Attaching twenty separate images to an email looks unprofessional and makes the recipient download each one. Bundling them into a single PDF presents your work cleanly, fits one attachment, and reads as a finished document instead of a folder dump.

Image to PDF Examples

Single image

Input
A 1920 by 1080 photo
Output
A one-page PDF sized to match the image.

The simplest scenario takes one photo and wraps it as a PDF page. Handy when someone insists on a PDF for an upload form even though the source content is a single image.

Multi-page document

Input
Ten photos of a paper contract
Output
A ten-page PDF preserving the page order you specified.

Combining phone photos of a paper document into one PDF mirrors what professional scanners do. Add an OCR pass afterward and you've got a searchable archive of the original.

Mixed dimensions

Input
Photos with varying widths and heights
Output
One image per page, with options for scaling to fit, uniform sizing, or fit-to-width layouts.

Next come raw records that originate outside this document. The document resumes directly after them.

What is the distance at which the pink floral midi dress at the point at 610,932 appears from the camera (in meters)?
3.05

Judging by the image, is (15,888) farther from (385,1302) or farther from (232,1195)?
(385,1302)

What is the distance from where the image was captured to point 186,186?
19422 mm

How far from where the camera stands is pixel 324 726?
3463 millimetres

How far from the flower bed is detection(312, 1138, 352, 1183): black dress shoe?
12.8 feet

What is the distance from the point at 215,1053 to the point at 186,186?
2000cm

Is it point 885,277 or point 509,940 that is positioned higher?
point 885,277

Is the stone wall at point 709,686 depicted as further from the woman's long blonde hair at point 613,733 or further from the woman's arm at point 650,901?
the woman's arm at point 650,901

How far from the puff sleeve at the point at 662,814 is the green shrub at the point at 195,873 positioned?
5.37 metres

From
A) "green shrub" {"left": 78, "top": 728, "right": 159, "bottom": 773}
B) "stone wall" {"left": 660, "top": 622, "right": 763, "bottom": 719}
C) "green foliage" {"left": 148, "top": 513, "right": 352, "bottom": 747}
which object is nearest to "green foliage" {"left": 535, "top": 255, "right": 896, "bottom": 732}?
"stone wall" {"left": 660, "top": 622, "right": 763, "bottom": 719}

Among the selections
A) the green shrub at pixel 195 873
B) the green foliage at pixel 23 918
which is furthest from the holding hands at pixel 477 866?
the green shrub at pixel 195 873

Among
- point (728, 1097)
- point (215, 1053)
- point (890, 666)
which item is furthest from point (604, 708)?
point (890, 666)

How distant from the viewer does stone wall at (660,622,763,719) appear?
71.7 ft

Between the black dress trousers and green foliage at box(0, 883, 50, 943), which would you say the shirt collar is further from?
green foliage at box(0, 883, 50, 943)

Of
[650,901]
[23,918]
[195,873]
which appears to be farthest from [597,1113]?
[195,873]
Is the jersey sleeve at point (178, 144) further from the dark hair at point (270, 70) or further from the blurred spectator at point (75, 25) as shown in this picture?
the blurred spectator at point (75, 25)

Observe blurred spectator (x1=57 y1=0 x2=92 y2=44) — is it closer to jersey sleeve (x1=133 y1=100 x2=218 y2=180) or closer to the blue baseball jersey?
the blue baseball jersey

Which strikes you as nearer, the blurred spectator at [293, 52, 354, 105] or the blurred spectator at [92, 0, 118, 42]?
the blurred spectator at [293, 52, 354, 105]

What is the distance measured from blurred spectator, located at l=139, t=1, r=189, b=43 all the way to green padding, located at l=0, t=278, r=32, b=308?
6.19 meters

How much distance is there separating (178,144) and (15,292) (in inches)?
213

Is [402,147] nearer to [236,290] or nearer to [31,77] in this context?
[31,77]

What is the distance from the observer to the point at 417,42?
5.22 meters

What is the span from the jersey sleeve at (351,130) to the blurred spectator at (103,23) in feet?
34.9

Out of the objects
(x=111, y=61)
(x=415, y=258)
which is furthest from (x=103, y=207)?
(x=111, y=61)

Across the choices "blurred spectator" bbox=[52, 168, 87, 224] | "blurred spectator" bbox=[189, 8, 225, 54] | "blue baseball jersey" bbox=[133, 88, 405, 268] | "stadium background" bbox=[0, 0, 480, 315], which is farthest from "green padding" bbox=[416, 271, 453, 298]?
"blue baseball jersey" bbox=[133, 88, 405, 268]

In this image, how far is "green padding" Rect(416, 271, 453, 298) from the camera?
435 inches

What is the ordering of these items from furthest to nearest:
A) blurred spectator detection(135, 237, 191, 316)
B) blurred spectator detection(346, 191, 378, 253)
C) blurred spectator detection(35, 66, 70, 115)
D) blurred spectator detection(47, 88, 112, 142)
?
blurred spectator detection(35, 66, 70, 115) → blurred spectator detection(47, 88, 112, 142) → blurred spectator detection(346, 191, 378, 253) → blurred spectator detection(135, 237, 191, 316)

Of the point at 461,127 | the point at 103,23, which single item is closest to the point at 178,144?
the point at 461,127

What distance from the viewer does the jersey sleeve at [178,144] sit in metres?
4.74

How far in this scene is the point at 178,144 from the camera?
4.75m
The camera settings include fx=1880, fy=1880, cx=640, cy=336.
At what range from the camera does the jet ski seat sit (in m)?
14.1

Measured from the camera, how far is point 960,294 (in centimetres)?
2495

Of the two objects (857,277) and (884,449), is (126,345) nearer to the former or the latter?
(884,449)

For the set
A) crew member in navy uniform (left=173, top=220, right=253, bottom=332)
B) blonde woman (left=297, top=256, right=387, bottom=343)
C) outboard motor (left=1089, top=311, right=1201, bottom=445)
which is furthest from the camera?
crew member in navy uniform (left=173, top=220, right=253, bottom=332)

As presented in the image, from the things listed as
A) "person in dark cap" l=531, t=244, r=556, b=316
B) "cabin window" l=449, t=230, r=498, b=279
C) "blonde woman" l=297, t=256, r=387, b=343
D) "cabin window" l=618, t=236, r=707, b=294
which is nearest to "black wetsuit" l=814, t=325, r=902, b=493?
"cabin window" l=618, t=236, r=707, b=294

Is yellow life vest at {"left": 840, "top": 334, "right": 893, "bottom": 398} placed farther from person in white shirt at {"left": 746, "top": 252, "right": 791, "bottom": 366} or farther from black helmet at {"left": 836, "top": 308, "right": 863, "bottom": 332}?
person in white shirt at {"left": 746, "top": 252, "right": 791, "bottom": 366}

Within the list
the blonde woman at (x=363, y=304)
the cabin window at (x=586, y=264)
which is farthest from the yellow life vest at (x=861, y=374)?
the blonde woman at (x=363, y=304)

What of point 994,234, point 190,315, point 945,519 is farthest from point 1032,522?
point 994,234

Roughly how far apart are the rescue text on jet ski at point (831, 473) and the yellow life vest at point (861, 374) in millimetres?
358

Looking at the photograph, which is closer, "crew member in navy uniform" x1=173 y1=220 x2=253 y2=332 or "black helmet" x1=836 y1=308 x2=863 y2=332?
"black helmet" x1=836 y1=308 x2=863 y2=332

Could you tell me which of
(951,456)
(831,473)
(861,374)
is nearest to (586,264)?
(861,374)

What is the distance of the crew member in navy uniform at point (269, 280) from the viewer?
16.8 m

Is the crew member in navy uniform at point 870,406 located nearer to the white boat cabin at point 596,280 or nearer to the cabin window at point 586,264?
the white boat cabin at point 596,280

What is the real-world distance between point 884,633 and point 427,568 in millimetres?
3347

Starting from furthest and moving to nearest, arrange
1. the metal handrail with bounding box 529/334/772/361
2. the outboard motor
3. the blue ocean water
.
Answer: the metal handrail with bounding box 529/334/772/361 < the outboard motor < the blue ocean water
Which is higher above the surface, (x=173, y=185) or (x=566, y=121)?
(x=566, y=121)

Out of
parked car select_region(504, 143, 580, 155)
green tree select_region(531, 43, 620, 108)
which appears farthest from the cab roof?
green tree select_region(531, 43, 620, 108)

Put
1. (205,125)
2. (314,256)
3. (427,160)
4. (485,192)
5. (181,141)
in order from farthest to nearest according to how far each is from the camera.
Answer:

When source images don't share dimensions, tools offer choices. Scaling everything to a consistent page size produces a polished look. Preserving original sizes keeps the highest fidelity but yields a less uniform document.

Tips & Best Practices for Image to PDF

  • 1.Reorder your images before generating the PDF. Most converters process in either filename order or drag-drop order, and getting that wrong produces a document that reads in the wrong sequence.
  • 2.Compress large source photos first. A 5MB photo multiplied by fifty images becomes a 250MB PDF that no one can email or download comfortably. A short pre-compression pass keeps output sizes manageable.
  • 3.Pick a page size that matches the destination. A4 dominates internationally, US Letter rules in North America, and custom sizes work best for portfolios and photo books where dimensions follow the imagery.
  • 4.Add OCR afterward if you need a searchable PDF. The basic image-to-PDF output is essentially a stack of pictures; an OCR pass adds an invisible text layer that lets readers and search engines find content inside the document.
  • 5.Use the JPG quality slider when one is offered. Lower settings produce smaller PDFs that are easier to share, while higher settings preserve text legibility and fine detail for archival or print use.
  • 6.Fix rotation, brightness, and contrast in the source photos before conversion. Once the images are wrapped in a PDF, those issues persist and become much harder to correct without going back to the originals.

Frequently Asked Questions

Each image becomes a page in the resulting PDF. The conversion reads each image, scales it to fit the chosen page size, and writes the lot into a single PDF document using a generator like jsPDF or pdf-lib. The output is a standard PDF that opens cleanly in every viewer, supporting common input formats including JPG, PNG, and WebP.